In fact, though the Lifetime poll discovered many women still preferred Obama to Romney, they found that a majority of the women were insulted by the constant attention to abortion and contraception. Celinda Lake, who conducted the poll for Lifetime, reported: “Women want to know, why are we talking about this at all? Why aren’t we focusing on the economy?”
This is what politicians should know as they reach out to women: women care about the same economic and social issues men care about. The Wall Street Journal reported on the Romney strategy to turn out the female vote: focus on the 8.3% unemployment. It’s the same message they are communicating to men. When asked about which women might vote conservative, Kirsten Kukowski of the Republican National Committee answered, “the millions of American women unemployed, underemployed, or constantly worrying about filling the gas tank or putting food on the table.” Of course, many women who are struggling will doubtless decide to vote for liberal candidates.
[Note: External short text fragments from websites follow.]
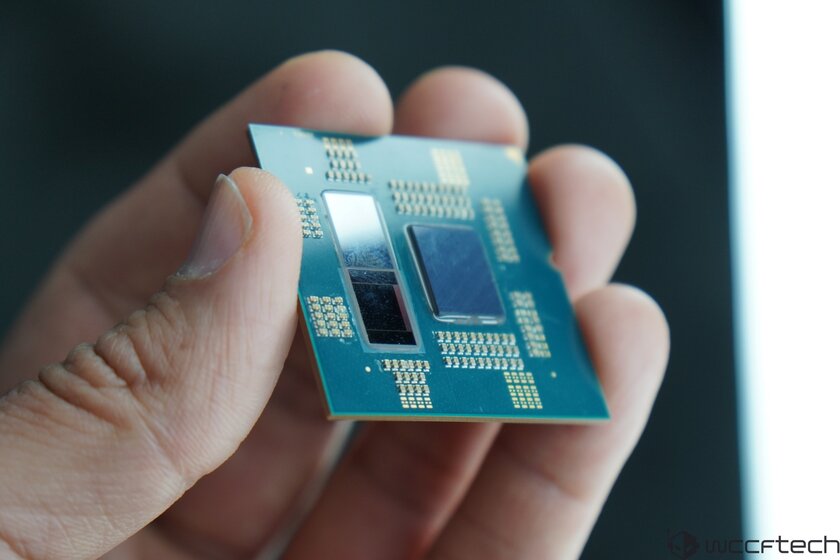 В AMD Ryzen 7 9800X3D нет 3D V-Cache над микросхемой с ядрами: он скрыт, и это доказало скальпирование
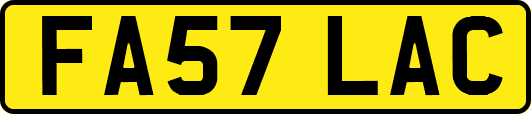 FA57LAC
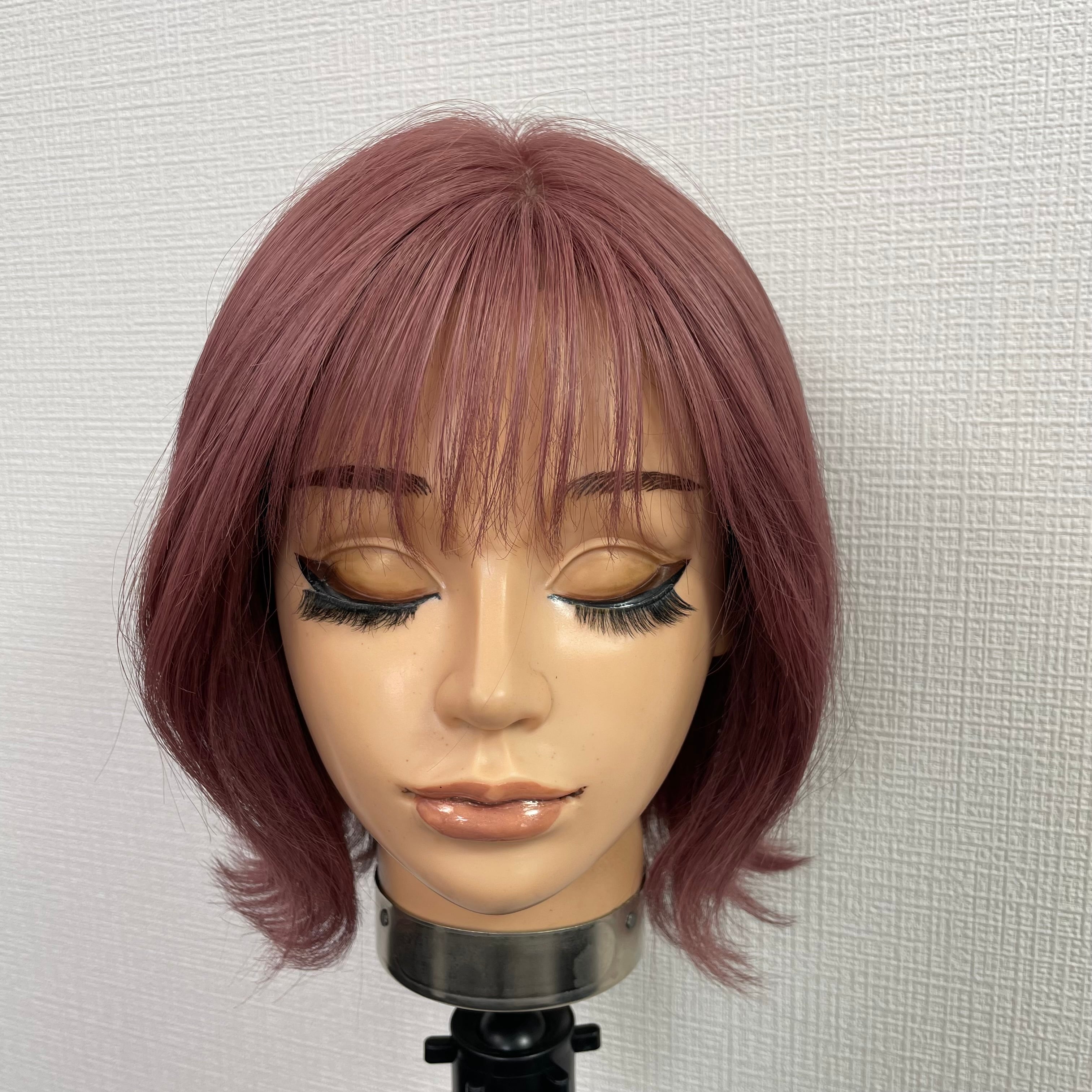 ショート | 百合子ウィッグ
The truth is that both men and women have a stake in every issue. Some politicians and pundits suggest that women will vote only on social issues (and only vote one way) and ignore the other major issues on the table — such as the economy with its 8.3% unemployment, the mess of our healthcare system, declining education standards – but they are mistaken.
While the left and right have contrasting visions for America, those visions are not uniquely male or female. American citizens are not presorted by gender.